*What to produce:* The reply should hold every record, copied exactly, and none of the pictures.

┌──

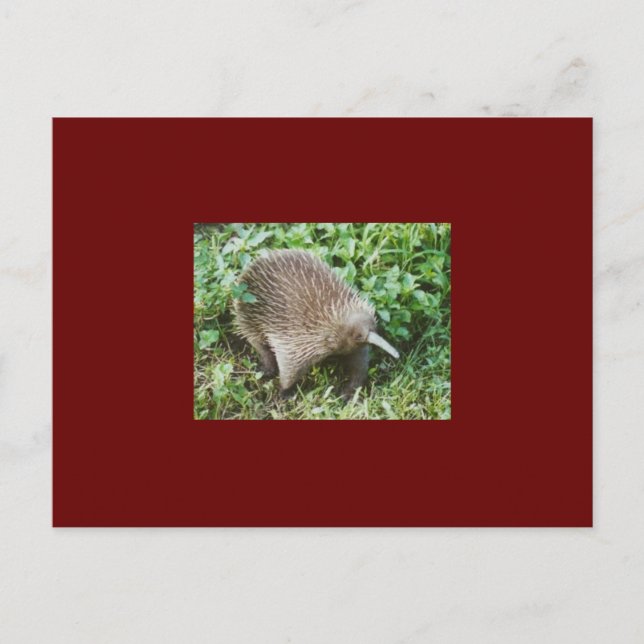 ECHIDNA POSTCARD (Front)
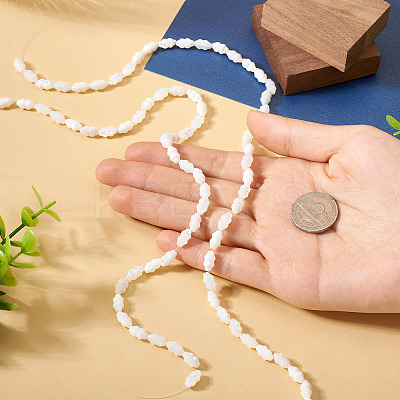 2 Strands Natural Trochus Shell Beads Strands SHEL-TA0001-20-1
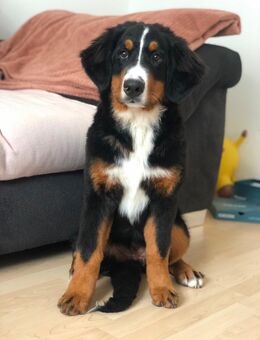 Berner Sennenhund Welpin – 4,5 Monate jung – verspielt & kinderlieb - Augsburg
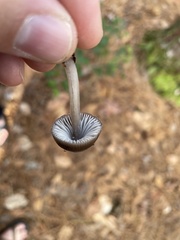 Mycena leptocephala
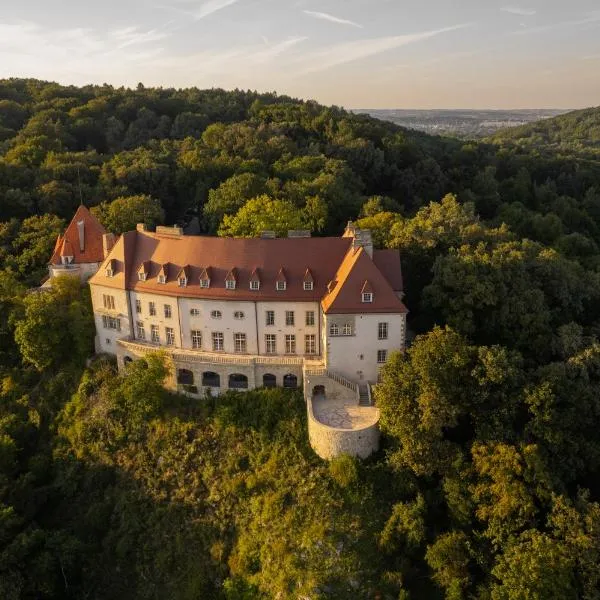 Zinar Castle，位于Cholerzyn的酒店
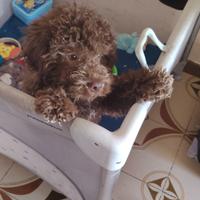 Lagotto romagnolo
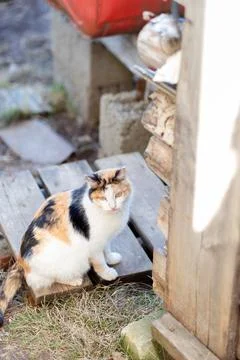Multi-colored and fluffy cat sits on the street Stock Photos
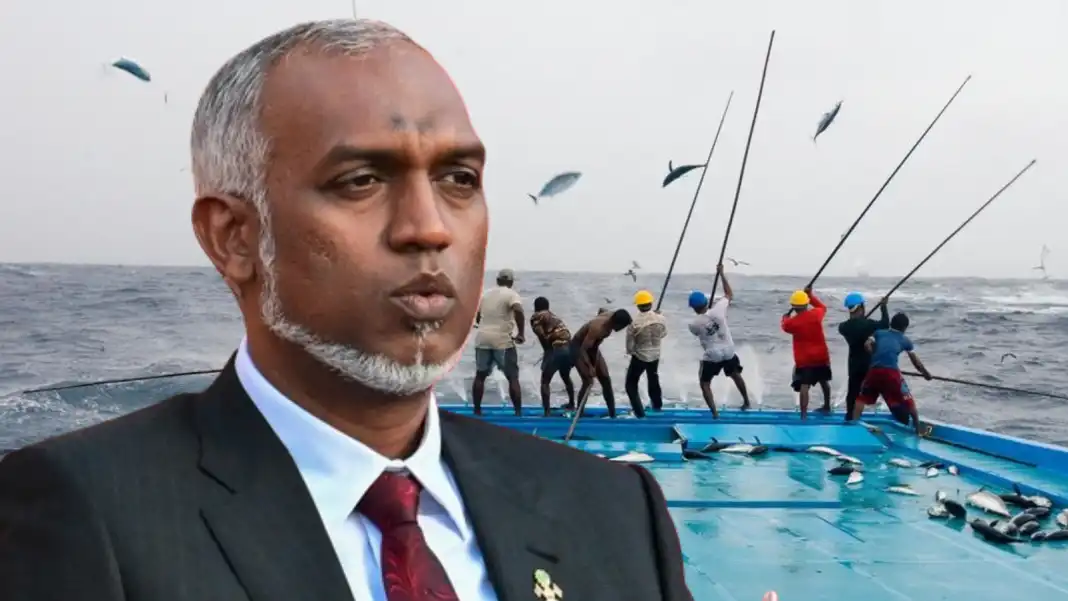 މިފްކޯ އިން މަސްވެރިންނަށް ވިއްކާ ޑީސަލްގެ އަގު ވަރަށް ބޮޑަށް ބޮޑުކޮށްފި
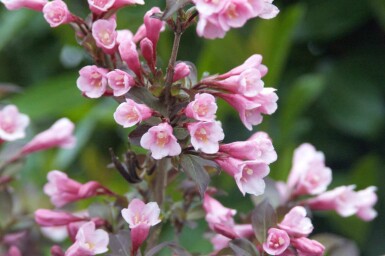 Weigelie Weigela florida 'Nana Purpurea' strauch 40-50 C10 Weigela florida 'Nana Purpurea' Strauch 40-50 cm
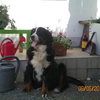 babou59750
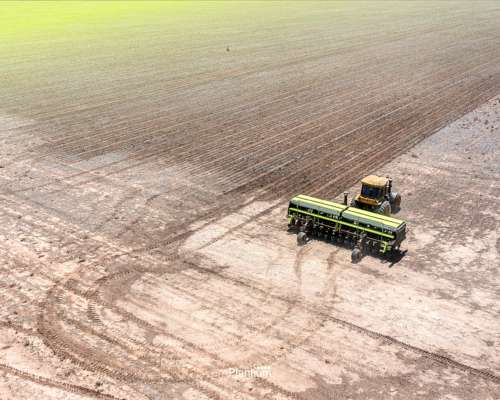 Piloto Automático Plantium Steerdd + SBOX7 (e-dif)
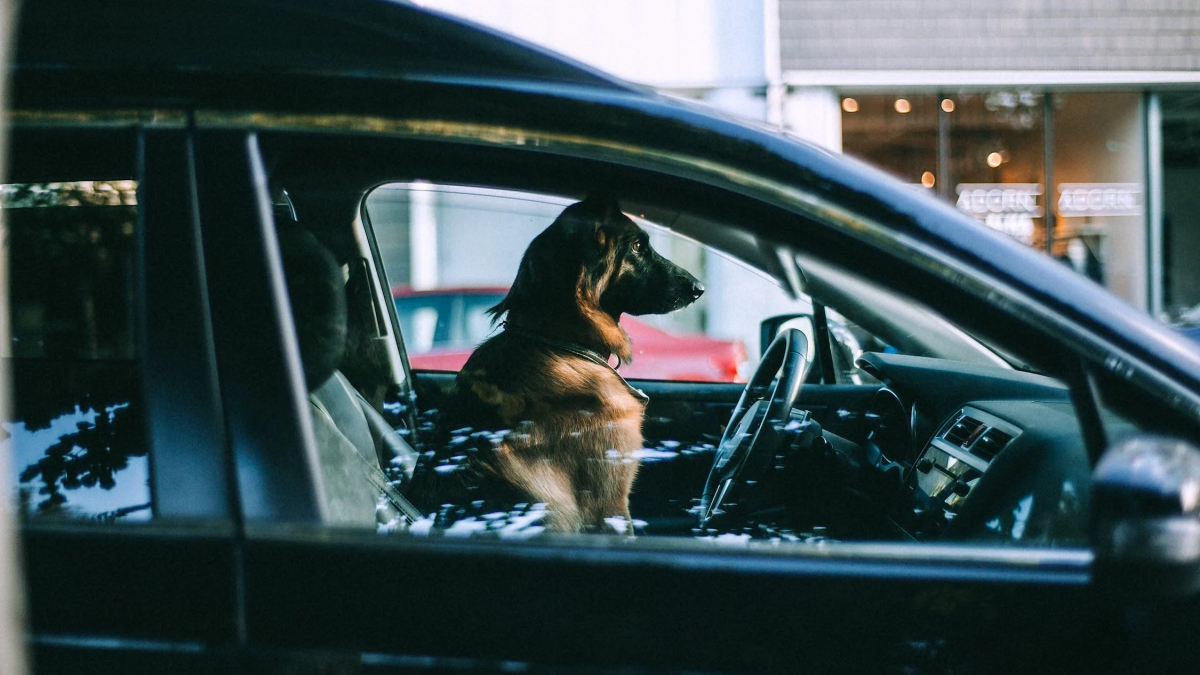 Illustration : "Un conducteur ivre échange sa place avec celle de son chien pour échapper à une arrestation"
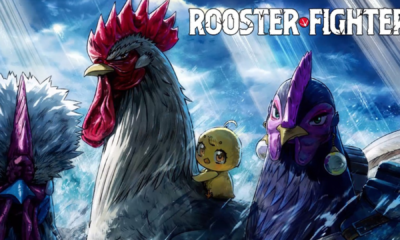 Rooster Figther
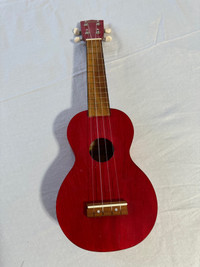 music instrument - ukulele 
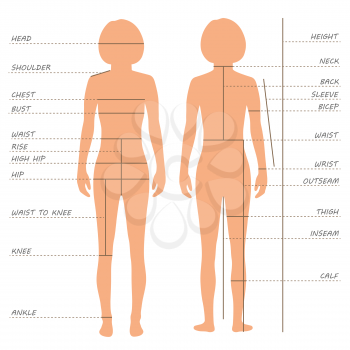 vector body measurements size chart, female clothing model, sewing
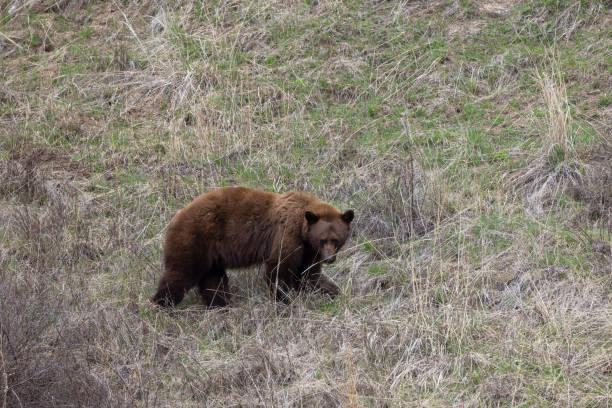 a black bear in Yellowstone National Park Wyoming in springtime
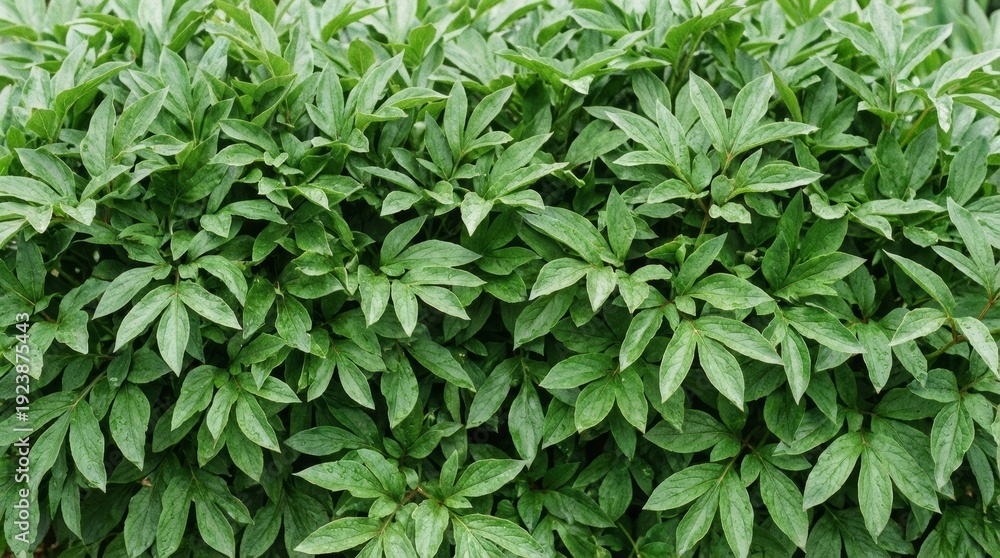 Fototapeta premium Vibrant Green Plant Leaves Texture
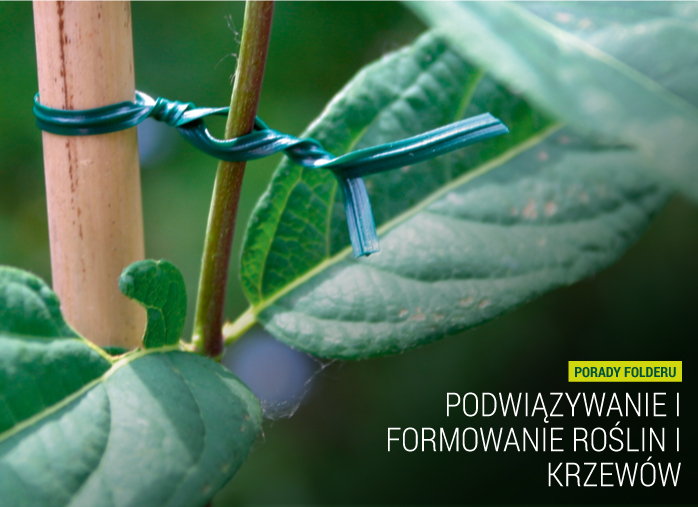 Podwiązywanie i formowanie roślin i krzewów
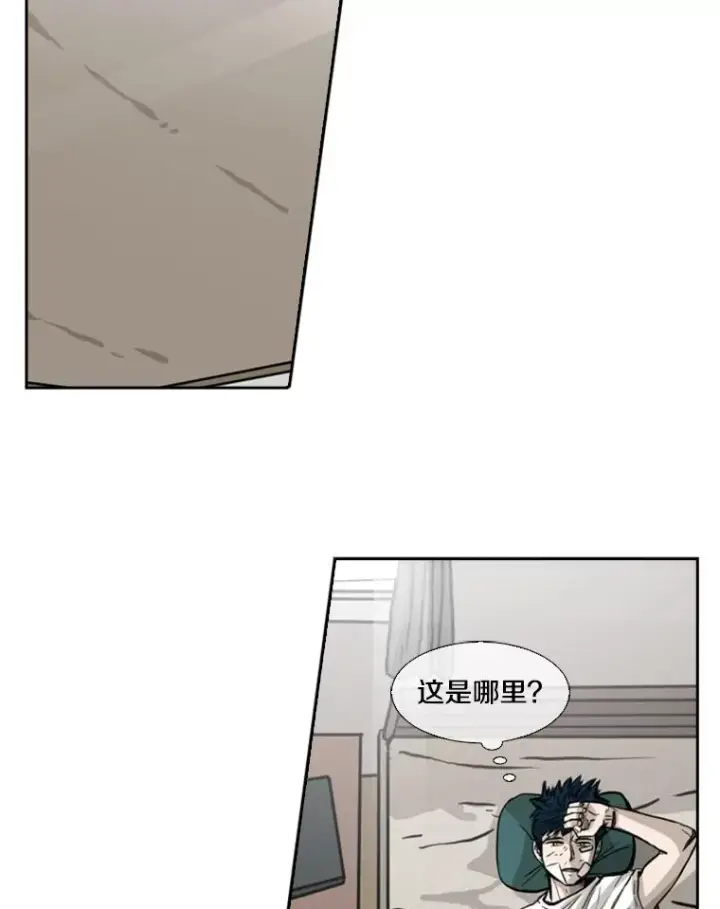 漫画《鲨鱼》67.新的开始第14张图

└──

*Exercise response:*
 ECHIDNA POSTCARD (Front)
 2 Strands Natural Trochus Shell Beads Strands SHEL-TA0001-20-1
 Berner Sennenhund Welpin – 4,5 Monate jung – verspielt & kinderlieb - Augsburg
 Mycena leptocephala
 Zinar Castle，位于Cholerzyn的酒店
 Lagotto romagnolo
Multi-colored and fluffy cat sits on the street Stock Photos
 މިފްކޯ އިން މަސްވެރިންނަށް ވިއްކާ ޑީސަލްގެ އަގު ވަރަށް ބޮޑަށް ބޮޑުކޮށްފި
 Weigelie Weigela florida 'Nana Purpurea' strauch 40-50 C10 Weigela florida 'Nana Purpurea' Strauch 40-50 cm
 babou59750
 Piloto Automático Plantium Steerdd + SBOX7 (e-dif)
 Illustration : "Un conducteur ivre échange sa place avec celle de son chien pour échapper à une arrestation"
 Rooster Figther
 music instrument - ukulele 
 vector body measurements size chart, female clothing model, sewing
 a black bear in Yellowstone National Park Wyoming in springtime
 Fototapeta premium Vibrant Green Plant Leaves Texture
 Podwiązywanie i formowanie roślin i krzewów
 漫画《鲨鱼》67.新的开始第14张图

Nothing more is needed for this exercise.